§ Description of the task
Find the line containing "The Moms Com . Natural Vitamin C Face Wash" in the listing below. Repeat it exactly, along with each following line up to and including the one containing "Vibe, The Curry Table".

§ Records provided
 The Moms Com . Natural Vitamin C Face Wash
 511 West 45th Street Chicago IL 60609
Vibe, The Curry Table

---

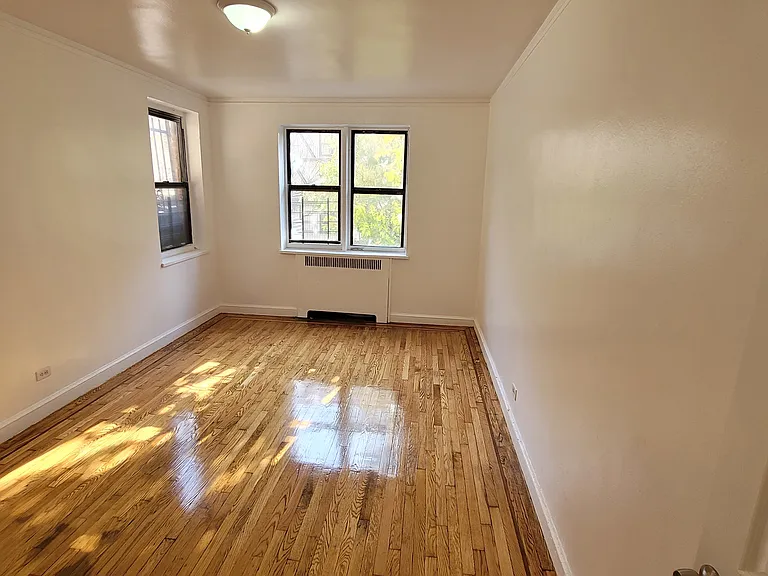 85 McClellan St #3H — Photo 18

§ Response
 The Moms Com . Natural Vitamin C Face Wash
 511 West 45th Street Chicago IL 60609
Vibe, The Curry Table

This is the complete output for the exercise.